Le dimanche 3 novembre 2024, les parlementaires chrétiens gabonais se sont réunis à l’Église Alliance chrétienne et missionnaire du Gabon (EACMG), paroisse d’Avéa 2, dans le cadre d’une campagne de sensibilisation pour le référendum de 2024. Cette consultation nationale porte sur une révision constitutionnelle majeure, avec des réformes touchant la démocratie, la gouvernance et les droits des citoyens. Parmi les dirigeants présents, on retrouvait notamment Geoffroy Foumboula Libeka, Joël Ngoueneni Ndzengouma et Josué Mbadinga Mbadinga , aux côtés du révérend pasteur César Mitsanga et du Révérend Béni Ngoua Mbina et la Prophétesse Lynda Nsa Bekale
Joël Ngoueneni Ndzengouma, député de la Transition, a pris la parole pour rappeler les motivations spirituelles et civiques de cet engagement. « Les devoirs rattachés à une responsabilité telle m’imposent de vous parler objectivement de la nécessité de vous engager », a-t-il déclaré devant l’assemblée, insistant sur l’importance pour les chrétiens gabonais d’exprimer leur voix. Citant l’Évangile selon Luc, il a rappelé que Jésus avait encouragé à « rendre à César ce qui est à César et à Dieu ce qui est à Dieu », suggérant que le devoir de citoyen trouve sa légitimité dans les Écritures.
Le référendum, fixé au 16 novembre prochain, constitue pour Ngoueneni Ndzengouma une étape cruciale dans l’histoire politique du Gabon, marquant la fin de l’ancien régime.

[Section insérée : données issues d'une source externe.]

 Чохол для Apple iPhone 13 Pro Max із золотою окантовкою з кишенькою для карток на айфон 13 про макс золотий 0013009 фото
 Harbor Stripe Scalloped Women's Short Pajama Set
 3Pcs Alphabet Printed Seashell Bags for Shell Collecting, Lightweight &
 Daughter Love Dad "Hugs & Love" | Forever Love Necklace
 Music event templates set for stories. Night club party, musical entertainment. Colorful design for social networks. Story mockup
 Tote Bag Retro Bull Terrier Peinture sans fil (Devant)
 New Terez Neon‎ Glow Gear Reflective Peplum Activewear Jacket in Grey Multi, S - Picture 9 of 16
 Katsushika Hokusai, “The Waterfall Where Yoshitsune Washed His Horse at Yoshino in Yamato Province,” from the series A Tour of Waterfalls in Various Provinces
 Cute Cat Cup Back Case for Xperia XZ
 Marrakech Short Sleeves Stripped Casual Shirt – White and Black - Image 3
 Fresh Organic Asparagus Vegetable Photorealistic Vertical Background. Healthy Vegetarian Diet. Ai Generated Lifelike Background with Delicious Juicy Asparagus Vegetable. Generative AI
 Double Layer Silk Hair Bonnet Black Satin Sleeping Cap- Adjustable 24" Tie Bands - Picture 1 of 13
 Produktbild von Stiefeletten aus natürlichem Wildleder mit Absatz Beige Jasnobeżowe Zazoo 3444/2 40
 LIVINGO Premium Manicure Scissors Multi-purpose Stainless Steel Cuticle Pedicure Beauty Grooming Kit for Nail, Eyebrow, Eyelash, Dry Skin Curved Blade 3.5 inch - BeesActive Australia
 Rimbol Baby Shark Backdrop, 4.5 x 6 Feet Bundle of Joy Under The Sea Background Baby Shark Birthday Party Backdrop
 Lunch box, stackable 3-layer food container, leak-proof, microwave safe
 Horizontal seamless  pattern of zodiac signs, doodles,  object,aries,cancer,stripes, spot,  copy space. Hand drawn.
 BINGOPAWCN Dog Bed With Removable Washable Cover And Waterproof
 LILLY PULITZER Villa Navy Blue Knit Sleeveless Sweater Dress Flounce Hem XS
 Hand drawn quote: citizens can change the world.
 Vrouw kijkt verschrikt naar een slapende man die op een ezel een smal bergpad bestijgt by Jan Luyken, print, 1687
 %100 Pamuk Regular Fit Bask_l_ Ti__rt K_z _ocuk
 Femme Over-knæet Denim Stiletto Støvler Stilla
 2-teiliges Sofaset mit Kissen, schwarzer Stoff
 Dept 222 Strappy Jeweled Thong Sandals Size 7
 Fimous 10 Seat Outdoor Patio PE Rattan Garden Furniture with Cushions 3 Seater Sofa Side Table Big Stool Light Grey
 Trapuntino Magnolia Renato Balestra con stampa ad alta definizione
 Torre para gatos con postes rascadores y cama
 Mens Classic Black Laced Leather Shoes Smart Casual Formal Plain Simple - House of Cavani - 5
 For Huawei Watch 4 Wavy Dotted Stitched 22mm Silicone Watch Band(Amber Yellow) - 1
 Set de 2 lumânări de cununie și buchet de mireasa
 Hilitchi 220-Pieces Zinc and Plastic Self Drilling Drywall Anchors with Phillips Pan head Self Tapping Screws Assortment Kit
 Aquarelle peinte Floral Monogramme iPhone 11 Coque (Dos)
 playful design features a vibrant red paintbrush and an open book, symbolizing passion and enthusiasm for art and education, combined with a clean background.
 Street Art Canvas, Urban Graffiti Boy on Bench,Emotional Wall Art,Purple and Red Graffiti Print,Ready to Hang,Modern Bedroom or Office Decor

« Ce référendum est l’occasion pour les Gabonais de tourner la page d’un régime déchu« , a-t-il affirmé, invitant l’audience à faire preuve de discernement face à cette nouvelle Constitution. Selon lui, les réformes visent à renforcer « la démocratie, le respect des droits fondamentaux et la promotion des libertés publiques ».
Des éléments clefs, comme « la reconnaissance des droits sociaux, économiques et culturels » et la « promotion des valeurs ancestrales », sont autant de progrès que, selon lui, le Gabon pourrait accomplir en adoptant cette révision constitutionnelle.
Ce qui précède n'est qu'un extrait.